Il volume, presentato venerdì
15 maggio presso l’Aula Magna
del Seminario Arcivescovile
di Vercelli è un “librointervista”
realizzato da
Gabriella Meroni per
l’Editrice La Scuola. Presenti
all’evento, il presidente
della Fondazione
Cassa di Risparmio di
Vercelli Dario Casalini,
l’assessore al Welfare della
Regione Piemonte Angela Migliasso,
il presidente del Centro
Servizi per il volontariato Antonio
Buonocore ed Ernesto Olivero
del Sermig.
Con un’agile intervista, Luigi
Bobba, già presidente nazionale
della ACLI e ora parlamentare
del PD, disegna la nuova mappa
del “terzo settore” e guida
il lettore nel variegato mondo
del “non profit”, dell’associazionismo
e del volontariato.
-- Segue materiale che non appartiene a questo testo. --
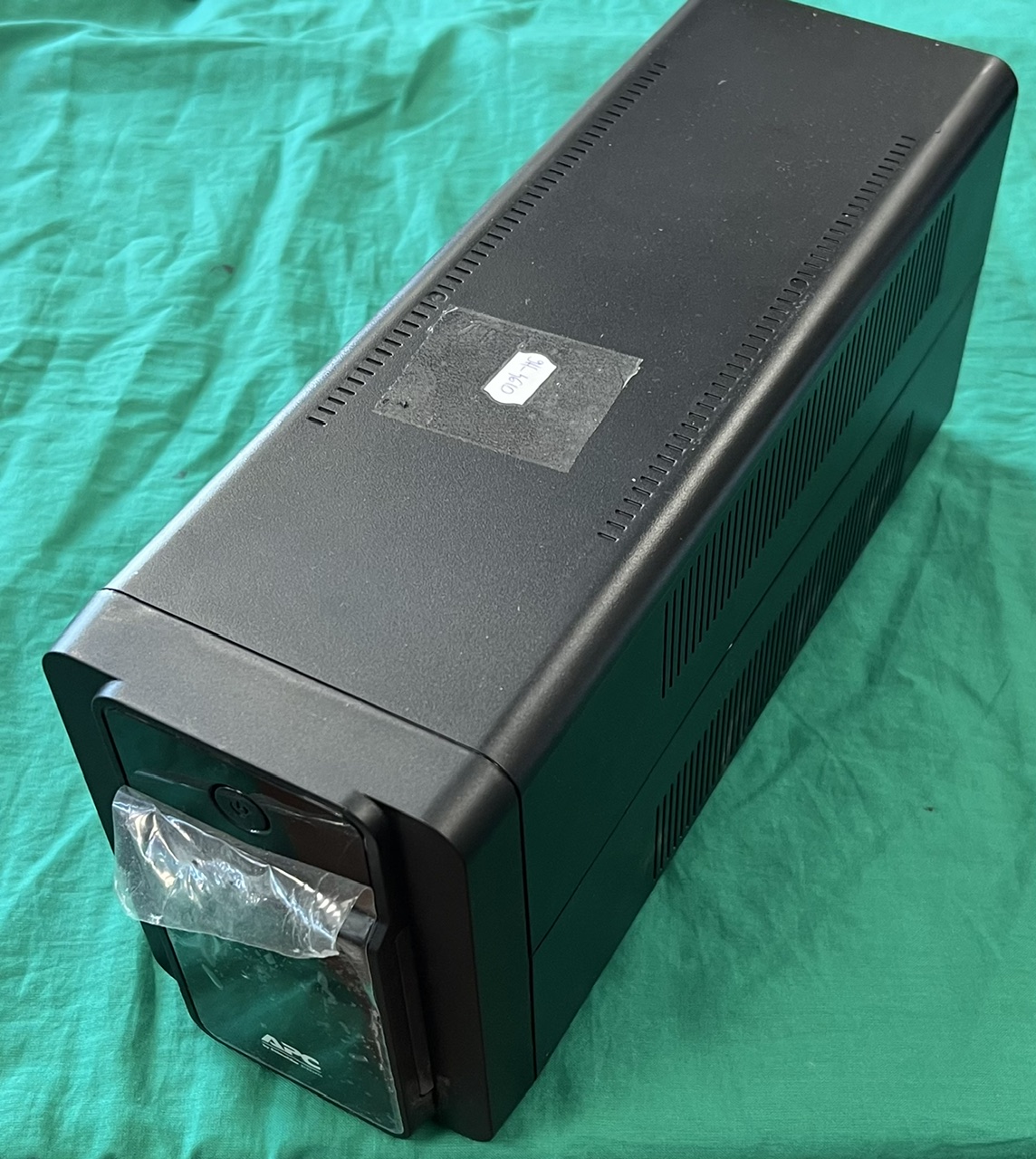 APC Back UPS 750VA 230V AVR IEC (BX750MI), kiemelt kép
Un
mondo che, nella nostra realtà
piemontese, è particolarmente
vivo e qualificato e trova i suoi
punti di riferimento nei centri
di servizio del volontariato e nel
Forum piemontese del Terzo
Settore.
Stabilizzare il 5 per mille e fare una legge quadro del non profit: ecco due delle idee che Luigi Bobba argomenta partendo dalla sua esperienza di presidente delle Acli, di portavoce nazionale del Forum del Terzo Settore e ora di deputato. « Sono convinto – afferma l’onorevole – che la rinascita del nostro Paese può trovare nei talenti e nelle risorse del non profit un humus fecondo. Le radici sono antiche e profonde, per questo possono ancora dare frutti generosi per il futuro ».